The Levenshtein (edit) distance is a string metric to measure the
difference between two strings/sequences s1 and s2.
It’s defined as the minimum number of insertions, deletions or
substitutions required to transform s1 into s2.
This implementation supports the usage of different weights for
Insertion/Deletion/Substitution. The uniform Levenshtein distance refers to weights=(1,1,1)
and the Indel distance refers to weights=(1,1,2). All other weights are referred to
as generic Levenshtein distance.
Calculates the minimum number of insertions, deletions, and substitutions
required to change one sequence into the other according to Levenshtein with custom
costs for insertion, deletion and substitution
Parameters:
s1 (Sequence[Hashable]) – First string to compare.

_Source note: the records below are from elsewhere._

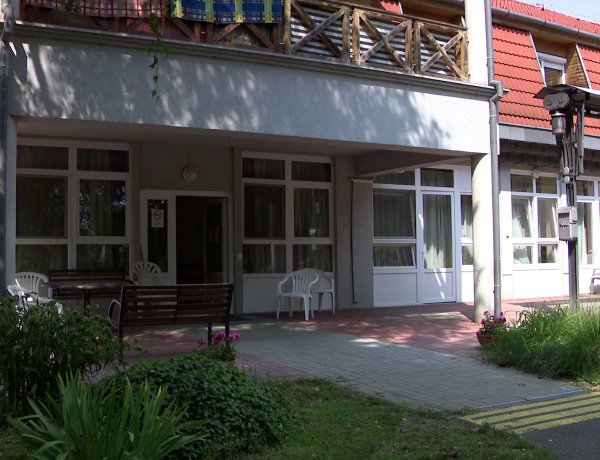 Látogatható az idősotthon – Szigorú szabályok mellett fogadhatják a családtagokat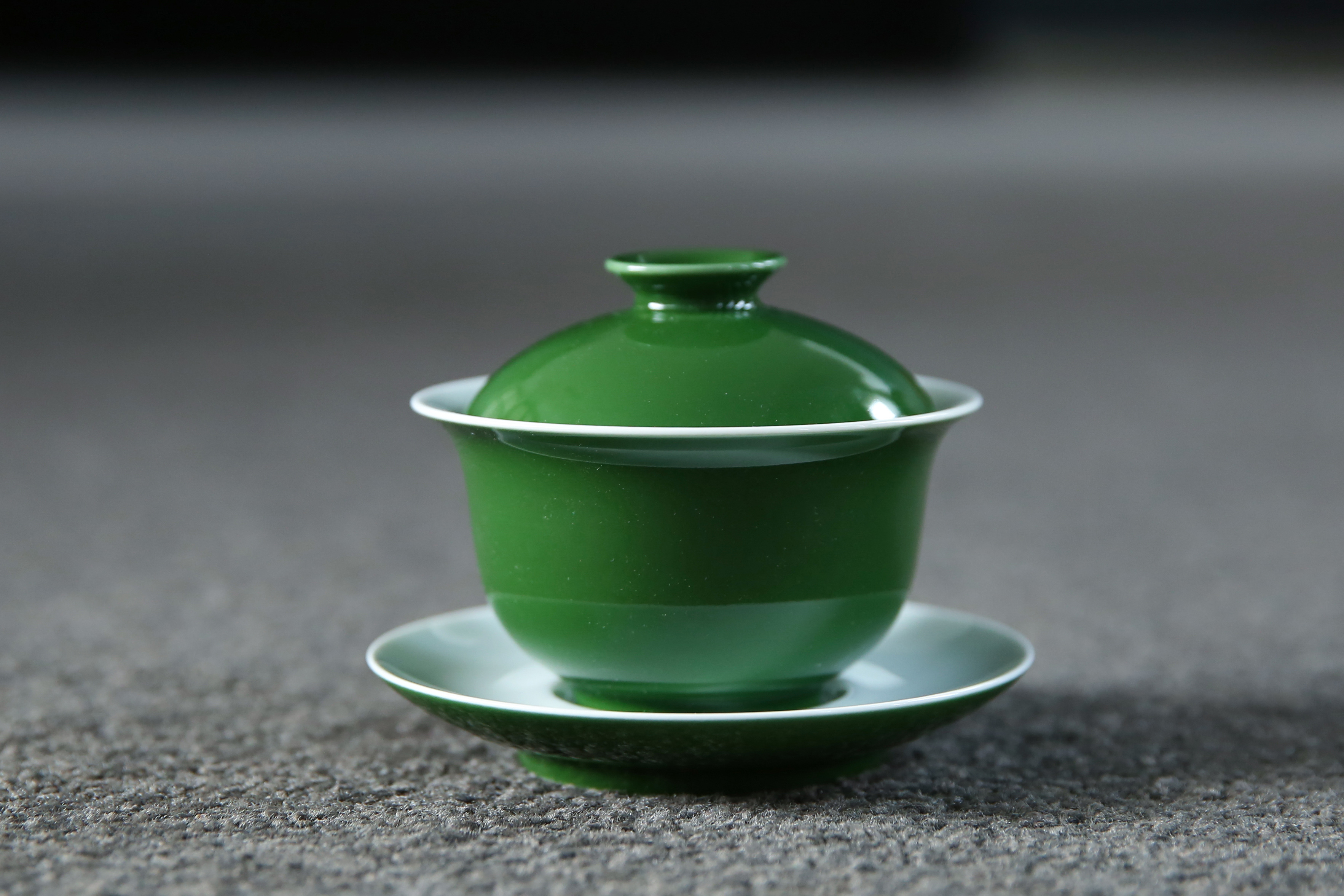 绿意盎然-绿色盖碗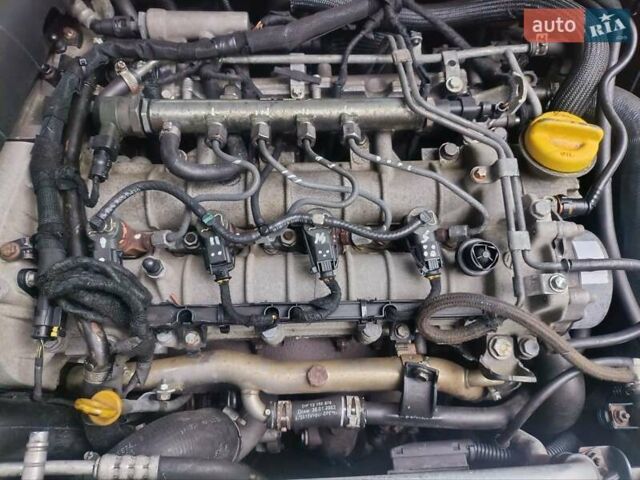 Сірий Опель Вектра, об'ємом двигуна 1.9 л та пробігом 338 тис. км за 4750 $, фото 13 на Automoto.ua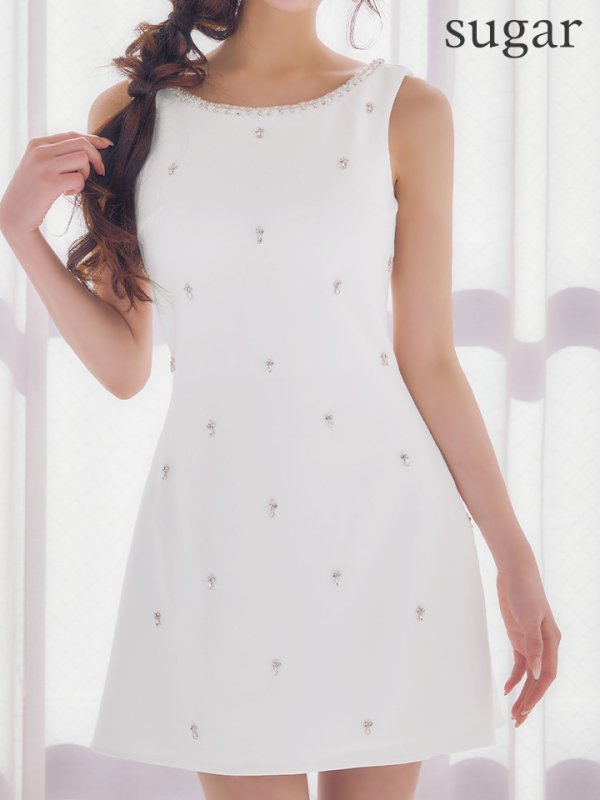 ホワイト　モデル：せいは　身長：160cm　着用サイズ：Sサイズ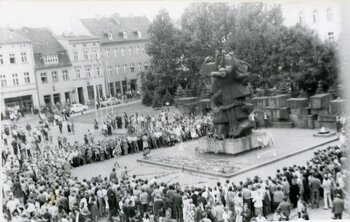 Zamieszki przy Pomniku Walki i Męczeństwa Ziemi Bydgoskiej na rynku miasta w Bydgoszczy w 1982 r.
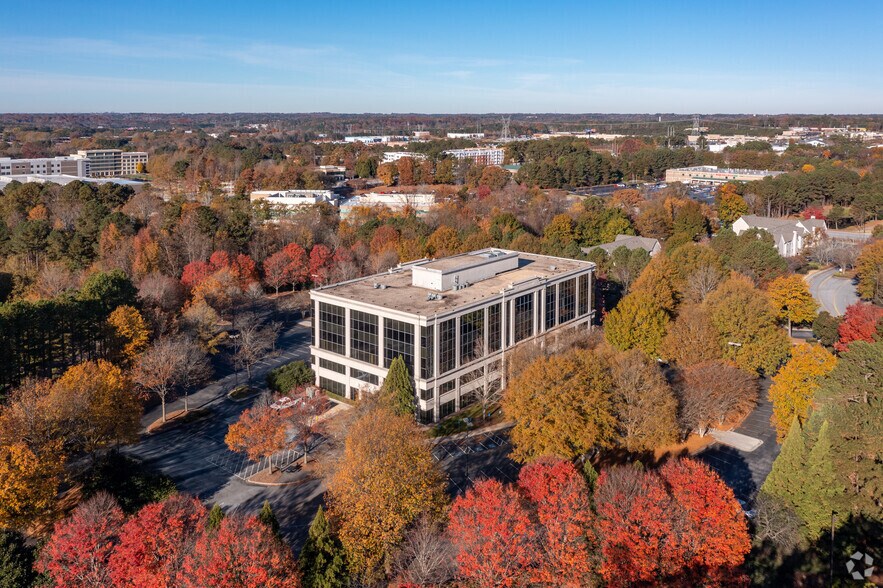 More Photos Of 3805 Crestwood Pky NW, Duluth Unknown For Lease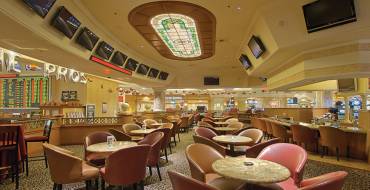 Gold Coast Hotel & Casino Las Vegas: The area around the gambling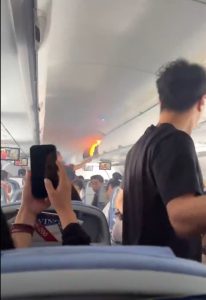 Пожар на батерия на борда на Air China, полет за Южна Корея, наложи аварийно кацане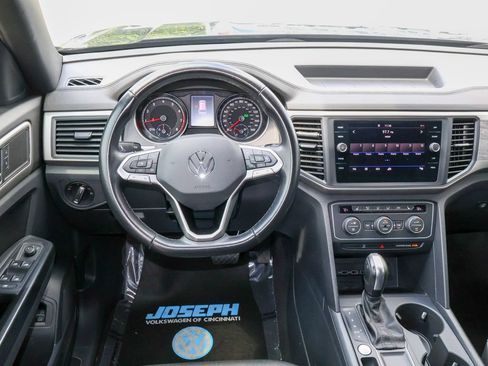 Used 2020 Volkswagen Atlas Cross Sport SE FWD image 17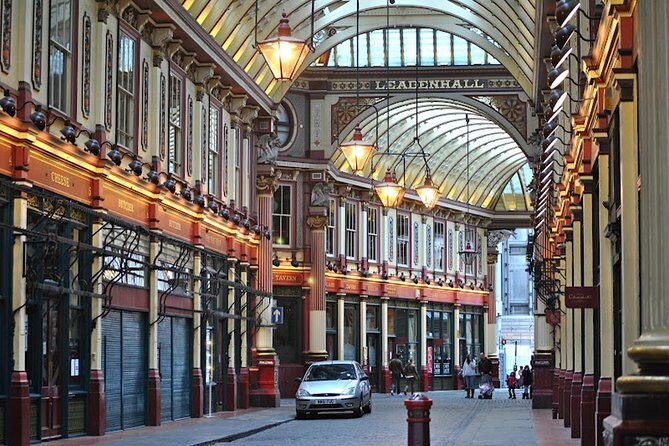 Movie Hot Spot Walking Tour of London - Authenticity and Hidden Gems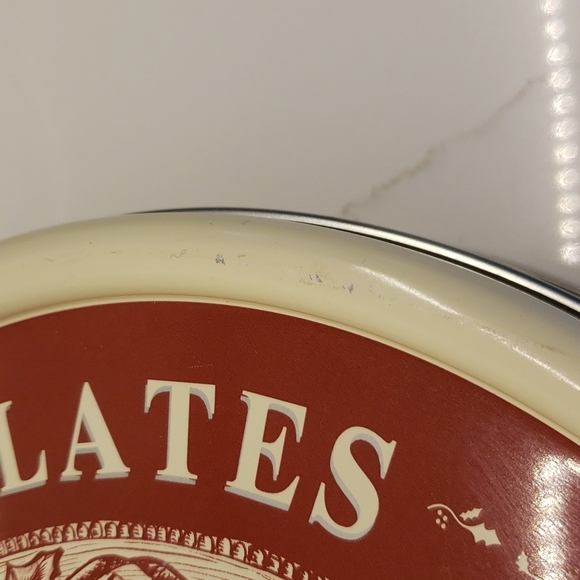 Set of 4 Restoration Hardware Holiday Tin Plates Christmas Red White Winter - Picture 5 of 10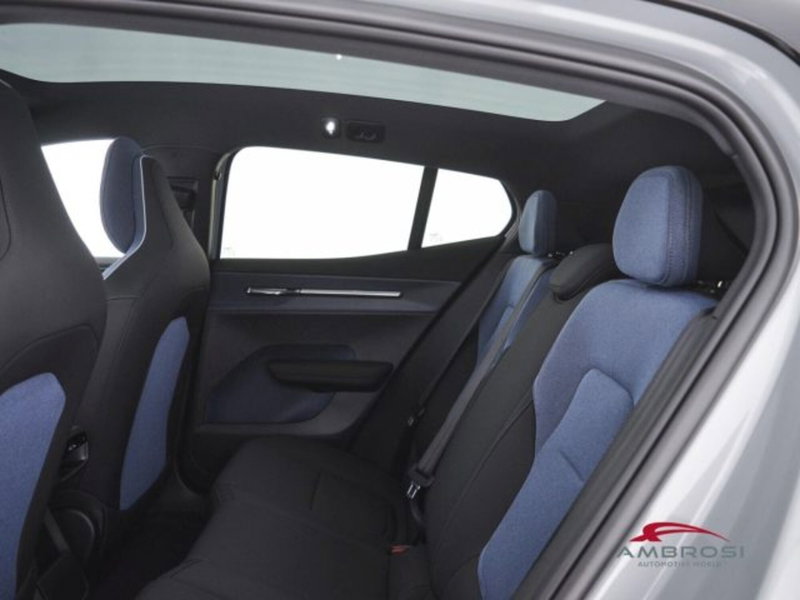 Volvo EX30 Cross Country nuova a Perugia (10)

s2 (Sequence[Hashable]) – Second string to compare.
weights (tuple[int, int, int] or None, optional) – The weights for the three operations in the form
(insertion, deletion, substitution). Default is (1, 1, 1),
which gives all three operations a weight of 1.
processor (callable, optional) – Optional callable that is used to preprocess the strings before
comparing them. Default is None, which deactivates this behaviour.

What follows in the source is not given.